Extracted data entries
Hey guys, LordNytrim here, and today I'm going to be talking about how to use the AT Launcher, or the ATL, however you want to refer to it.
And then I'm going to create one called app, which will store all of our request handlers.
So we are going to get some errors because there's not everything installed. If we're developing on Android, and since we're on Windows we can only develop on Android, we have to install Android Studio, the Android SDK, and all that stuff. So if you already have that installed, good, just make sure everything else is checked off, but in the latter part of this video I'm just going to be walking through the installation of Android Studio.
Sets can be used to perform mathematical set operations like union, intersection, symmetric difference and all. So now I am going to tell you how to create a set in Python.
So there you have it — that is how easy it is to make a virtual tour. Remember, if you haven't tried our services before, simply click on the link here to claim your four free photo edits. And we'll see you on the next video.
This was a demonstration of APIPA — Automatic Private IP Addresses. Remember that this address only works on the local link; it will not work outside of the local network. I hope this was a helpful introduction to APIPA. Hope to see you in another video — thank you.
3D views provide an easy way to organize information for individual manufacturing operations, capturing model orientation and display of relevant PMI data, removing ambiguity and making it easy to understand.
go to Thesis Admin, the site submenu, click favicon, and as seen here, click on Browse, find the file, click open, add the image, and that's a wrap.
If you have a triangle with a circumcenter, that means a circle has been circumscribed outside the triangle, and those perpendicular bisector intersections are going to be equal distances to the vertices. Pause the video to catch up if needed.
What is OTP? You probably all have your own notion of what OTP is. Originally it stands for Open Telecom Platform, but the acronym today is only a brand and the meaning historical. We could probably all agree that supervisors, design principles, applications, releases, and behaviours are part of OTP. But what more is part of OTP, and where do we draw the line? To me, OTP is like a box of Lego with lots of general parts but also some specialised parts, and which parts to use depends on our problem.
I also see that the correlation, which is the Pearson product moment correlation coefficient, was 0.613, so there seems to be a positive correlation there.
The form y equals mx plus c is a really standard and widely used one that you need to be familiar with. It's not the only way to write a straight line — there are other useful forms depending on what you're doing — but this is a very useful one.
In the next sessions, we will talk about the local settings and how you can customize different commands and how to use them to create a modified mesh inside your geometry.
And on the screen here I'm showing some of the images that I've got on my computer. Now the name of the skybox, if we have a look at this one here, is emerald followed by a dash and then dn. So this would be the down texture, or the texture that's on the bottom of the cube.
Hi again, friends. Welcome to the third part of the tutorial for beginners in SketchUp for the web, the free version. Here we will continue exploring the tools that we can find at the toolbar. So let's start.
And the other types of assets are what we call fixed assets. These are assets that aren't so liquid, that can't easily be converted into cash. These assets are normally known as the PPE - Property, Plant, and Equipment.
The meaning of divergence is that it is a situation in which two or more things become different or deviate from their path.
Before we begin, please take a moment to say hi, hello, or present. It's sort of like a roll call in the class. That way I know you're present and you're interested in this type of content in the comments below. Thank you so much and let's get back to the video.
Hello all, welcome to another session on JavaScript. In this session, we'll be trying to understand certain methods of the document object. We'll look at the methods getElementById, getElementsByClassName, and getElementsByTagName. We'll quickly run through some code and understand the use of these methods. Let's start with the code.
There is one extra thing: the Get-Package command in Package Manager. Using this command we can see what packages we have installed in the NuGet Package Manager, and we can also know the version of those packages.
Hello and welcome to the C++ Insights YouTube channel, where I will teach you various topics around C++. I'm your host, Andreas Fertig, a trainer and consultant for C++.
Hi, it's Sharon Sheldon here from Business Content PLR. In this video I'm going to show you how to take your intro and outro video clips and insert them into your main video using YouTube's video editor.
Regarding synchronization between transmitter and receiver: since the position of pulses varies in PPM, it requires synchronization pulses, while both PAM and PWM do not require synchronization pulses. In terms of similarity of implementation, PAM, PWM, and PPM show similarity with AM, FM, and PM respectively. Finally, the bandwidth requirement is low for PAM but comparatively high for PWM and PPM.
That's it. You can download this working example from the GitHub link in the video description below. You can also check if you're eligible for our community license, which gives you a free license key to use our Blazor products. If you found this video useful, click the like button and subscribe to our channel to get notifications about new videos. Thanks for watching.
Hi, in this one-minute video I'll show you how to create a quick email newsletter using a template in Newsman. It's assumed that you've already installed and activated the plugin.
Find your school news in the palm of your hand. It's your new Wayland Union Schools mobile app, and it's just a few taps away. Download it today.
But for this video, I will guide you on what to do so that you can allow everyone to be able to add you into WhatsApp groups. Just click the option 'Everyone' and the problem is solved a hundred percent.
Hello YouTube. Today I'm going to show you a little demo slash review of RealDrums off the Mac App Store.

### Work instructions
Would you return all of the data exactly as it stands above?

### Completed task
Hey guys, LordNytrim here, and today I'm going to be talking about how to use the AT Launcher, or the ATL, however you want to refer to it.
And then I'm going to create one called app, which will store all of our request handlers.
So we are going to get some errors because there's not everything installed. If we're developing on Android, and since we're on Windows we can only develop on Android, we have to install Android Studio, the Android SDK, and all that stuff. So if you already have that installed, good, just make sure everything else is checked off, but in the latter part of this video I'm just going to be walking through the installation of Android Studio.
Sets can be used to perform mathematical set operations like union, intersection, symmetric difference and all. So now I am going to tell you how to create a set in Python.
So there you have it — that is how easy it is to make a virtual tour. Remember, if you haven't tried our services before, simply click on the link here to claim your four free photo edits. And we'll see you on the next video.
This was a demonstration of APIPA — Automatic Private IP Addresses. Remember that this address only works on the local link; it will not work outside of the local network. I hope this was a helpful introduction to APIPA. Hope to see you in another video — thank you.
3D views provide an easy way to organize information for individual manufacturing operations, capturing model orientation and display of relevant PMI data, removing ambiguity and making it easy to understand.
go to Thesis Admin, the site submenu, click favicon, and as seen here, click on Browse, find the file, click open, add the image, and that's a wrap.
If you have a triangle with a circumcenter, that means a circle has been circumscribed outside the triangle, and those perpendicular bisector intersections are going to be equal distances to the vertices. Pause the video to catch up if needed.
What is OTP? You probably all have your own notion of what OTP is. Originally it stands for Open Telecom Platform, but the acronym today is only a brand and the meaning historical. We could probably all agree that supervisors, design principles, applications, releases, and behaviours are part of OTP. But what more is part of OTP, and where do we draw the line? To me, OTP is like a box of Lego with lots of general parts but also some specialised parts, and which parts to use depends on our problem.
I also see that the correlation, which is the Pearson product moment correlation coefficient, was 0.613, so there seems to be a positive correlation there.
The form y equals mx plus c is a really standard and widely used one that you need to be familiar with. It's not the only way to write a straight line — there are other useful forms depending on what you're doing — but this is a very useful one.
In the next sessions, we will talk about the local settings and how you can customize different commands and how to use them to create a modified mesh inside your geometry.
And on the screen here I'm showing some of the images that I've got on my computer. Now the name of the skybox, if we have a look at this one here, is emerald followed by a dash and then dn. So this would be the down texture, or the texture that's on the bottom of the cube.
Hi again, friends. Welcome to the third part of the tutorial for beginners in SketchUp for the web, the free version. Here we will continue exploring the tools that we can find at the toolbar. So let's start.
And the other types of assets are what we call fixed assets. These are assets that aren't so liquid, that can't easily be converted into cash. These assets are normally known as the PPE - Property, Plant, and Equipment.
The meaning of divergence is that it is a situation in which two or more things become different or deviate from their path.
Before we begin, please take a moment to say hi, hello, or present. It's sort of like a roll call in the class. That way I know you're present and you're interested in this type of content in the comments below. Thank you so much and let's get back to the video.
Hello all, welcome to another session on JavaScript. In this session, we'll be trying to understand certain methods of the document object. We'll look at the methods getElementById, getElementsByClassName, and getElementsByTagName. We'll quickly run through some code and understand the use of these methods. Let's start with the code.
There is one extra thing: the Get-Package command in Package Manager. Using this command we can see what packages we have installed in the NuGet Package Manager, and we can also know the version of those packages.
Hello and welcome to the C++ Insights YouTube channel, where I will teach you various topics around C++. I'm your host, Andreas Fertig, a trainer and consultant for C++.
Hi, it's Sharon Sheldon here from Business Content PLR. In this video I'm going to show you how to take your intro and outro video clips and insert them into your main video using YouTube's video editor.
Regarding synchronization between transmitter and receiver: since the position of pulses varies in PPM, it requires synchronization pulses, while both PAM and PWM do not require synchronization pulses. In terms of similarity of implementation, PAM, PWM, and PPM show similarity with AM, FM, and PM respectively. Finally, the bandwidth requirement is low for PAM but comparatively high for PWM and PPM.
That's it. You can download this working example from the GitHub link in the video description below. You can also check if you're eligible for our community license, which gives you a free license key to use our Blazor products. If you found this video useful, click the like button and subscribe to our channel to get notifications about new videos. Thanks for watching.
Hi, in this one-minute video I'll show you how to create a quick email newsletter using a template in Newsman. It's assumed that you've already installed and activated the plugin.
Find your school news in the palm of your hand. It's your new Wayland Union Schools mobile app, and it's just a few taps away. Download it today.
But for this video, I will guide you on what to do so that you can allow everyone to be able to add you into WhatsApp groups. Just click the option 'Everyone' and the problem is solved a hundred percent.
Hello YouTube. Today I'm going to show you a little demo slash review of RealDrums off the Mac App Store.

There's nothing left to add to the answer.